(Problem to solve) Would you please give every entry again exactly, without the pictures?
== == ==
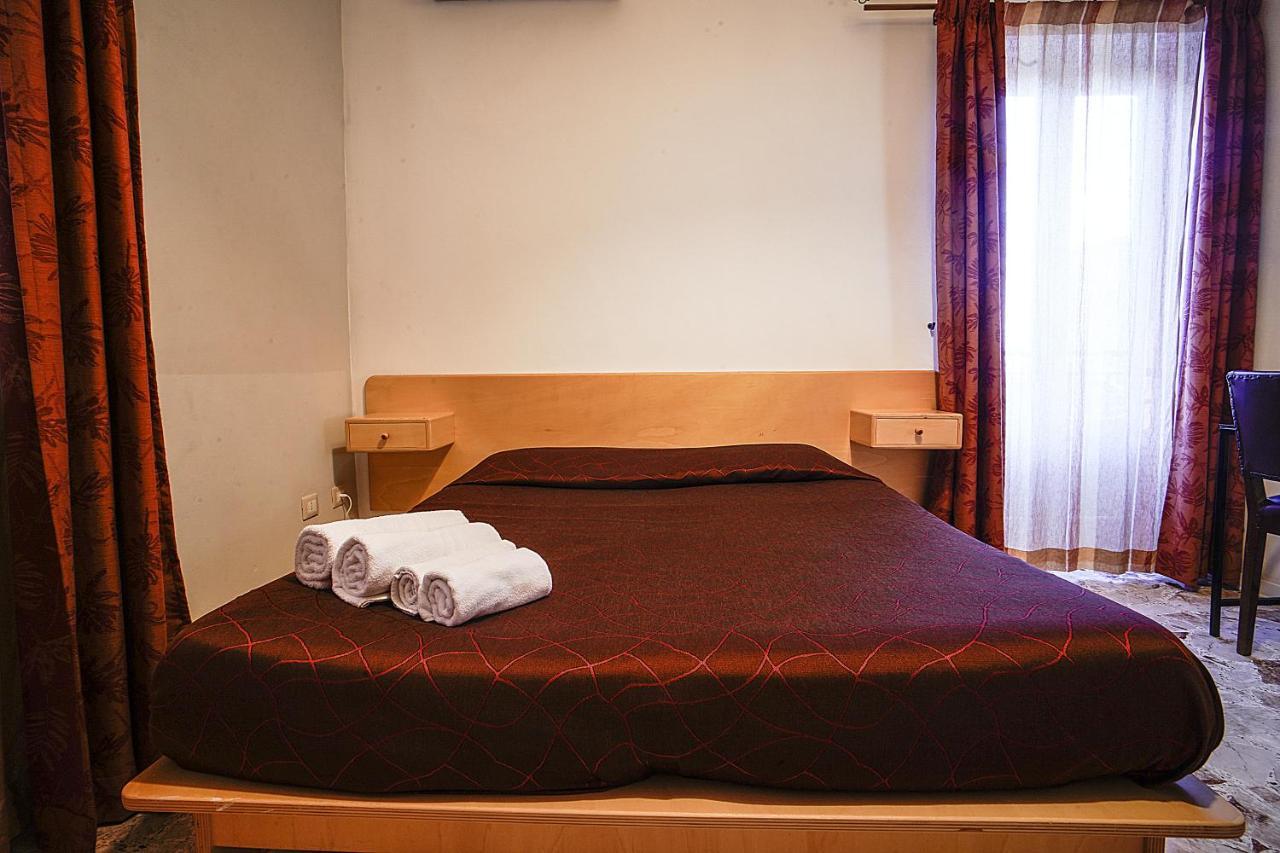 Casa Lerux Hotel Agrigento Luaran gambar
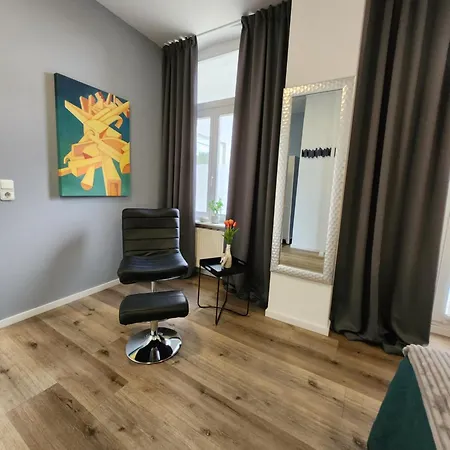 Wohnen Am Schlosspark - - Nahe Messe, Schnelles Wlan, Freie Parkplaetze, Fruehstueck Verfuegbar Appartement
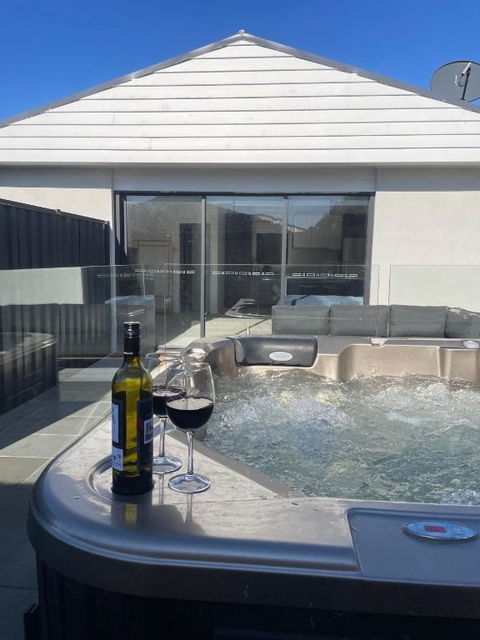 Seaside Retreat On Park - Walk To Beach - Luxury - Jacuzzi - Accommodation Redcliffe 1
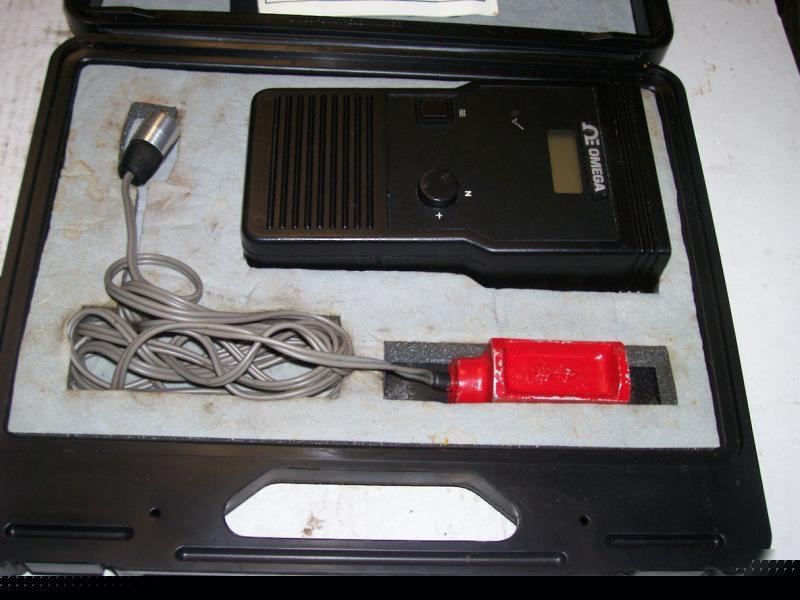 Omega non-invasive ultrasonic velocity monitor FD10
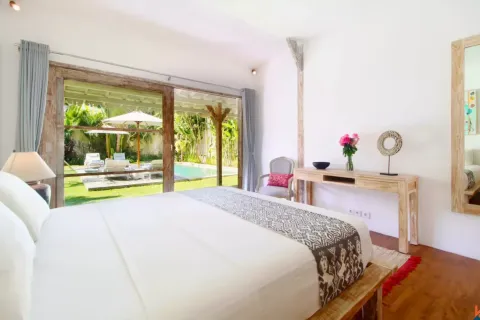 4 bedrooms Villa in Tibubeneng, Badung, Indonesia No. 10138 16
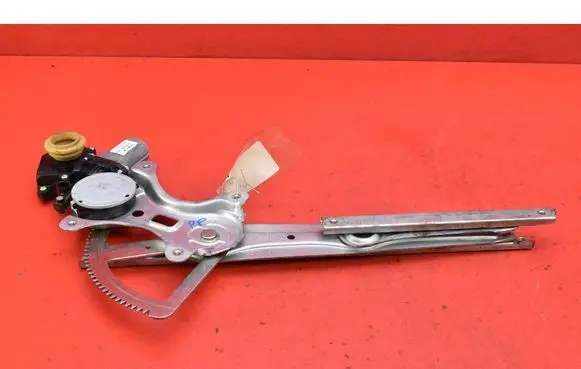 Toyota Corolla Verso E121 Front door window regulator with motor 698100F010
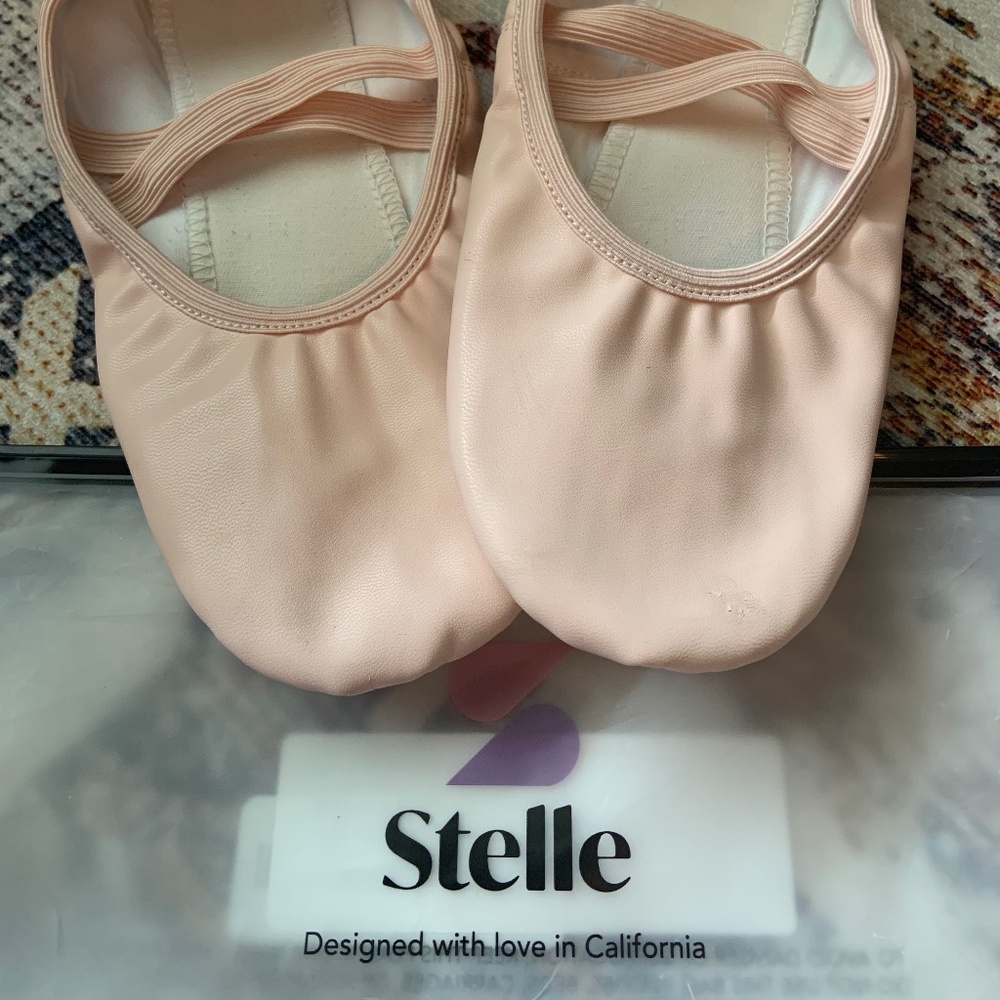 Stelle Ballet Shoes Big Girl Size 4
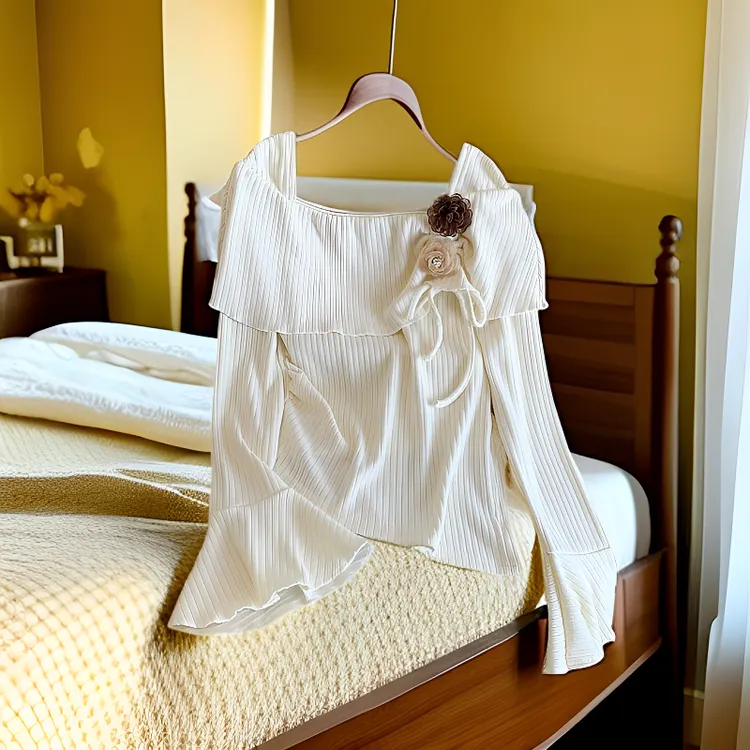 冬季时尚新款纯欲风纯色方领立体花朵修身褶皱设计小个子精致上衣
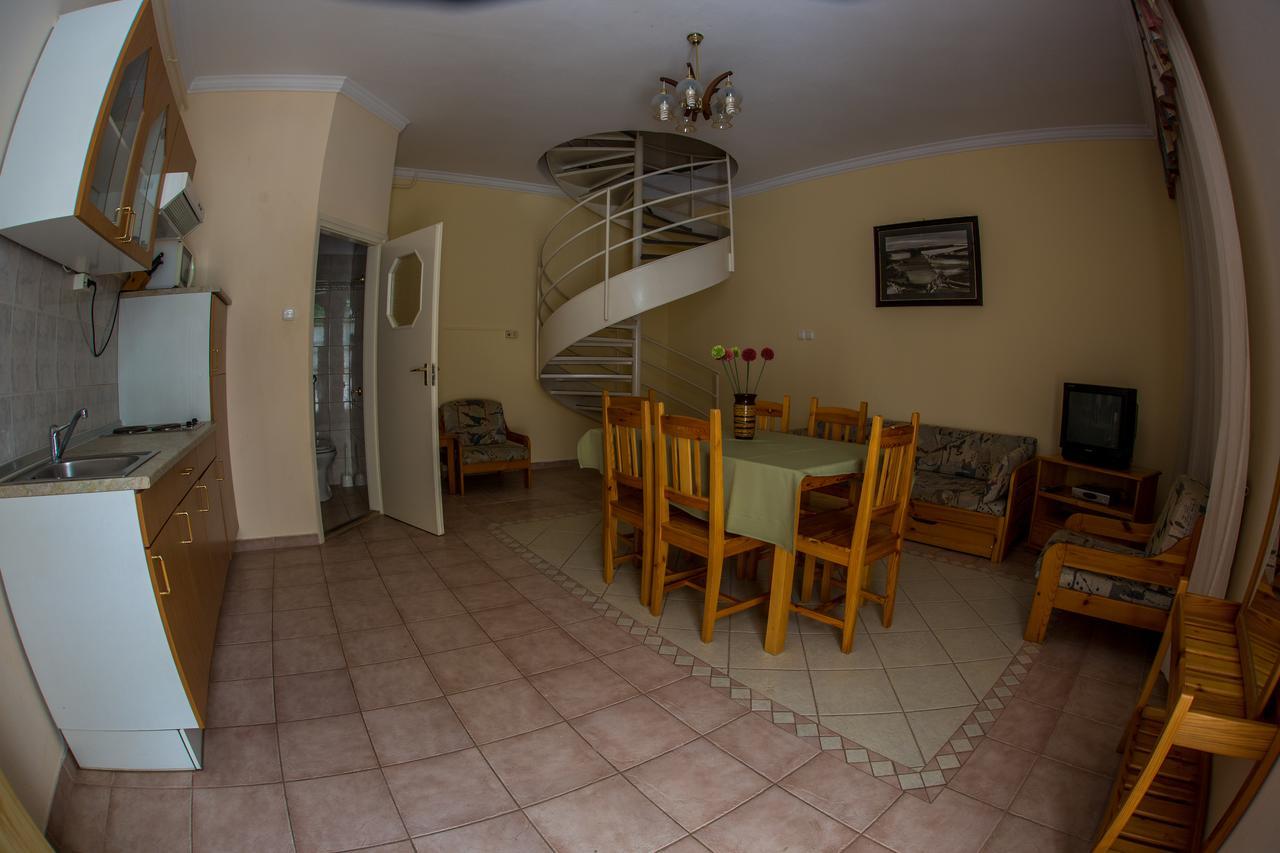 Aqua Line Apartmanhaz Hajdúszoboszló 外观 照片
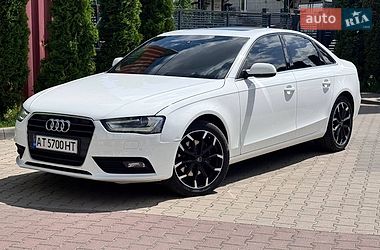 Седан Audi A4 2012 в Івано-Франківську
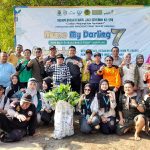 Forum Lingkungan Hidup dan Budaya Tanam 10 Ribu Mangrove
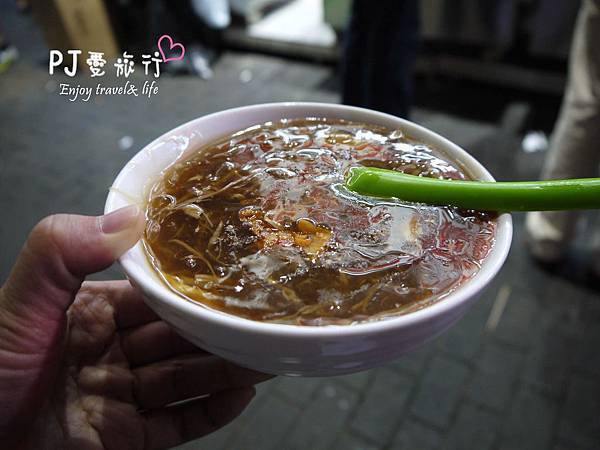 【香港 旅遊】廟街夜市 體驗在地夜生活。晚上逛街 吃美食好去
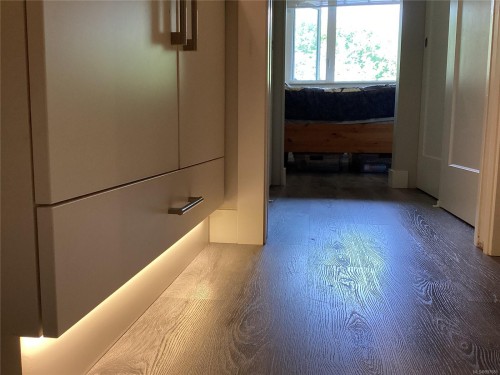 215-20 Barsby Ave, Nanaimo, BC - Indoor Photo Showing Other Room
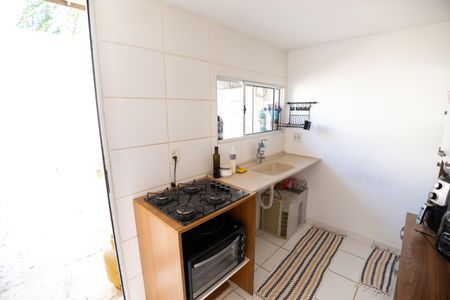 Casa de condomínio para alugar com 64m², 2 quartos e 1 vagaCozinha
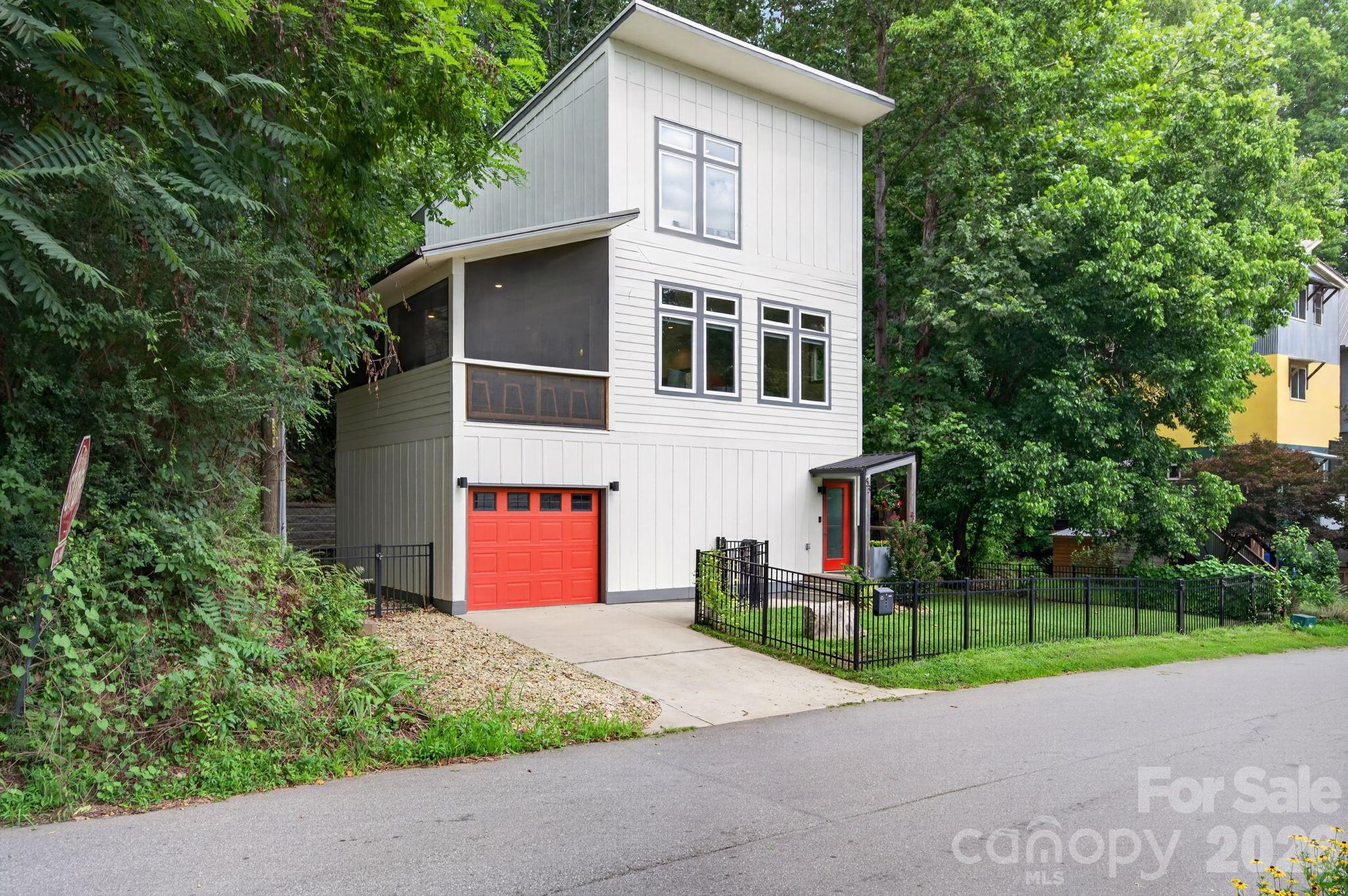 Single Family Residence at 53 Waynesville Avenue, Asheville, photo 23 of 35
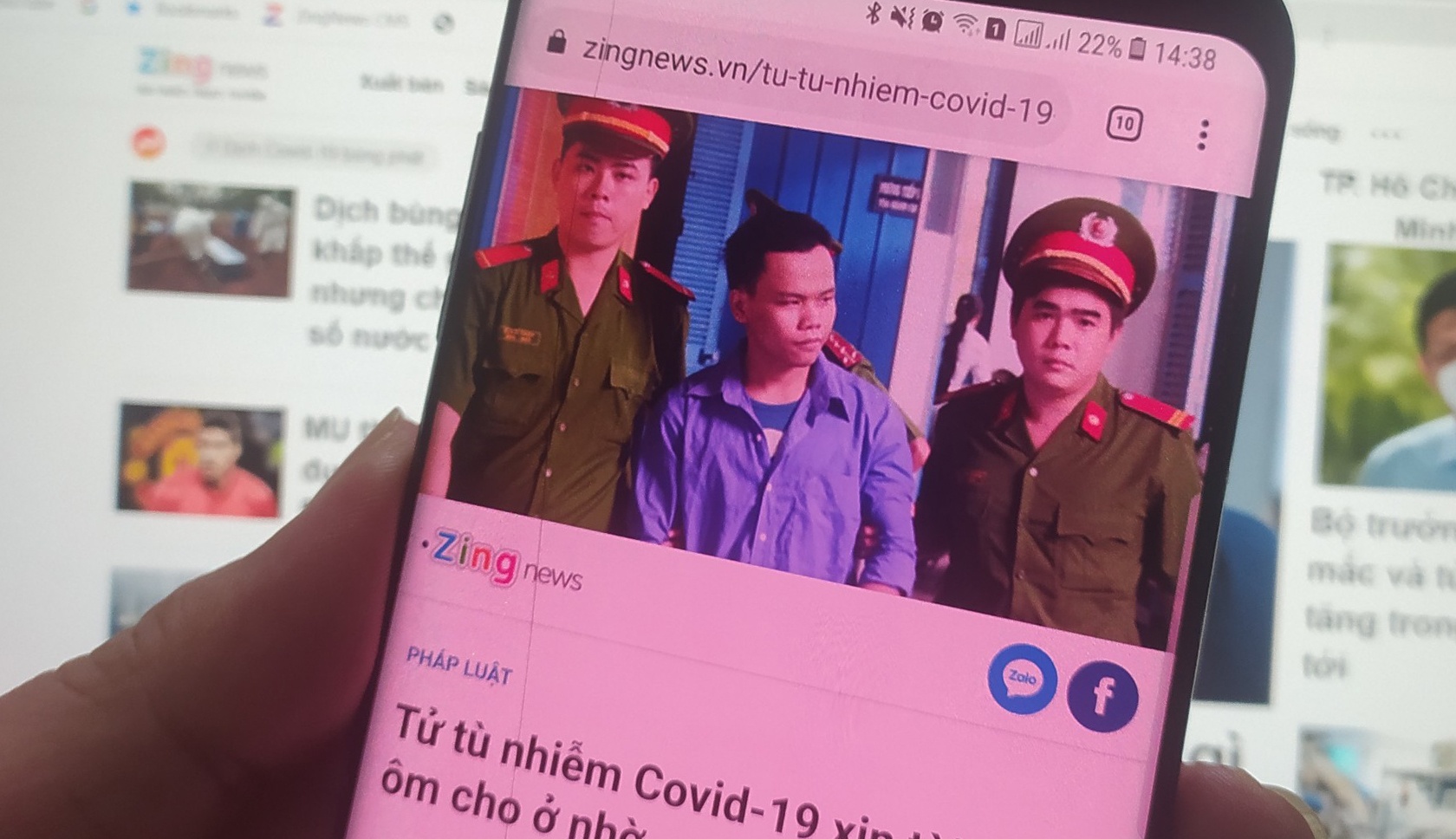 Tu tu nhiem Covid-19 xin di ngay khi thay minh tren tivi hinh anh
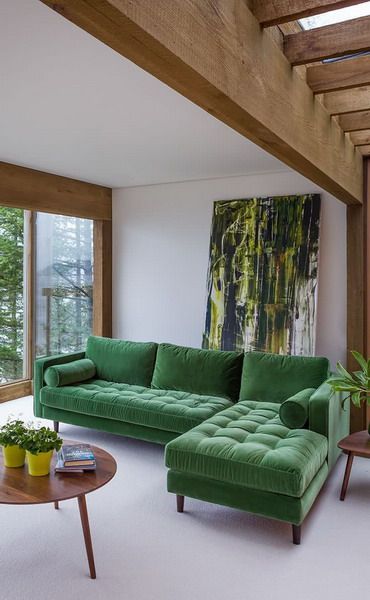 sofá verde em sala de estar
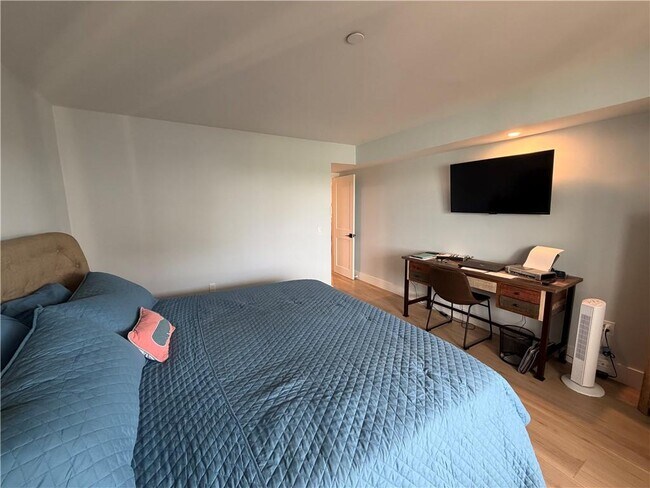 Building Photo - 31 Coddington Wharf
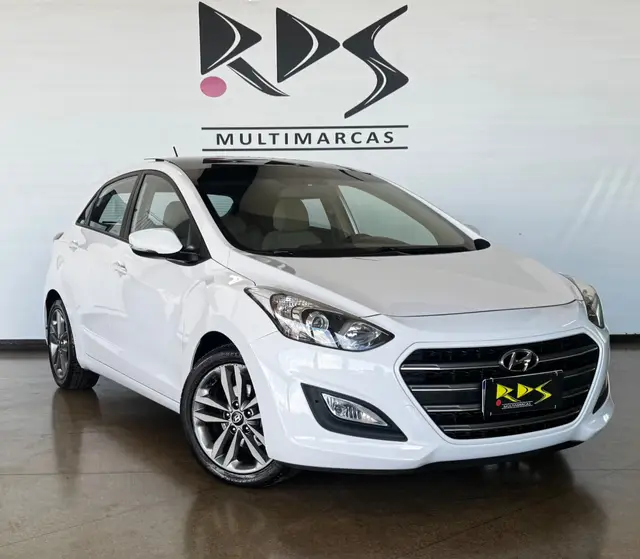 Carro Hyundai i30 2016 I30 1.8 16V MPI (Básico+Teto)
== == ==
(Result for this task)
 Casa Lerux Hotel Agrigento Luaran gambar
 Wohnen Am Schlosspark - - Nahe Messe, Schnelles Wlan, Freie Parkplaetze, Fruehstueck Verfuegbar Appartement
 Seaside Retreat On Park - Walk To Beach - Luxury - Jacuzzi - Accommodation Redcliffe 1
 Omega non-invasive ultrasonic velocity monitor FD10
 4 bedrooms Villa in Tibubeneng, Badung, Indonesia No. 10138 16
 Toyota Corolla Verso E121 Front door window regulator with motor 698100F010
 Stelle Ballet Shoes Big Girl Size 4
 冬季时尚新款纯欲风纯色方领立体花朵修身褶皱设计小个子精致上衣
 Aqua Line Apartmanhaz Hajdúszoboszló 外观 照片
 Седан Audi A4 2012 в Івано-Франківську
 Forum Lingkungan Hidup dan Budaya Tanam 10 Ribu Mangrove
 【香港 旅遊】廟街夜市 體驗在地夜生活。晚上逛街 吃美食好去
 215-20 Barsby Ave, Nanaimo, BC - Indoor Photo Showing Other Room
 Casa de condomínio para alugar com 64m², 2 quartos e 1 vagaCozinha
 Single Family Residence at 53 Waynesville Avenue, Asheville, photo 23 of 35
 Tu tu nhiem Covid-19 xin di ngay khi thay minh tren tivi hinh anh
 sofá verde em sala de estar
 Building Photo - 31 Coddington Wharf
 Carro Hyundai i30 2016 I30 1.8 16V MPI (Básico+Teto)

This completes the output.